23 March 2012

Danielle Steel's 'Secrets' (starring Christopher Plummer, Linda Purl and Gary Collins)


Danielle Steel is a very popular novelist, although I was not particularly impressed with either of the books I have read by her, so far. I don't suppose it would ever have occurred to me to get hold of a DVD of an adaptation of one of her books, but we were given this - a freebie from a weekend newspaper in the UK - by a relative. It has sat on our shelves for quite some time, but last night we finally sat down to watch it.

'Secrets' is set in Hollywood, and is the story of a group of people who get together to make the pilot series of a new TV show called 'Manhattan'. The director, and really the star of the whole film, is called Mel - nicely played by Christopher Plummer in a role that seemed to suit him well.

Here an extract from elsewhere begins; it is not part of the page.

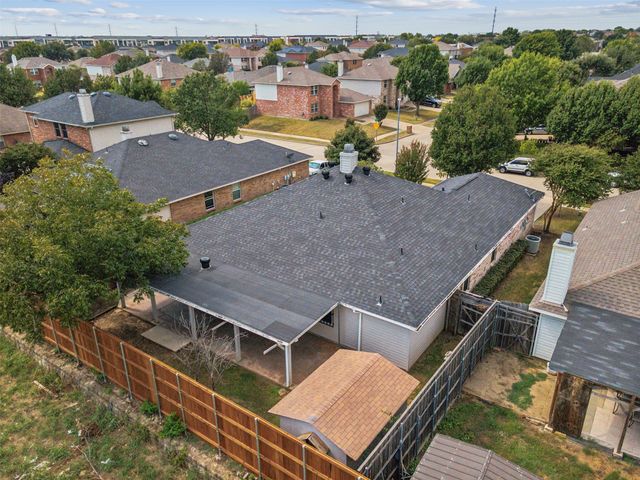 3516 Quannah Drive, Grand Prairie, TX 75052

The cast he gets together are a somewhat caricatured and unlikely mix. There's Sabina (Stephanie Beacham) who really doesn't like TV, but very much likes Mel, and yet keeps popping off to San Francisco for some purpose which is not revealed until the end. There's Jane (Linda Purl) who is in a horribly abusive marriage. There's Zack (Gary Collins), a likeable guy who becomes quite protective of Jane, yet evidently has a worrying secret of his own. There's Gaby, apparently a diva, who turns out to be rather wealthy, and Bill (Ben Browder) whose wife is a druggie.

Somehow all these confused and hurting people manage to create a show that is a terrific hit, and the movie shows the filming interspersed with scenes from their increasingly unpleasant private lives. The movie was well done in a 1990s kind of way (I had thought it earlier) but the story itself is artificial, with exaggerated traits in all the cast, and a tidy, predictable outcome. There seems to be rather a lot of bedroom scenes; they're fairly subtly done with no nudity as such, but by the end had become somewhat tediously repetitive.

It wasn't a bad film, if a bit depressing in places; I thought Christopher Plummer held it all together very well, and the ending was at least positive, if unlikely. But the story felt too plastic to be interesting; perhaps it somewhat reflects life in Hollywood, but the characters did not seem believable in the ways they behaved. I was not at all inspired to get hold of the book.

Oh, and there was a very odd start and end to the film, featuring Danielle Steel herself thanking the viewers for watching - I expect she's a very nice person, but these parts were cringeworthy, and very off-putting. Perhaps they were put on the DVD for the freebie version.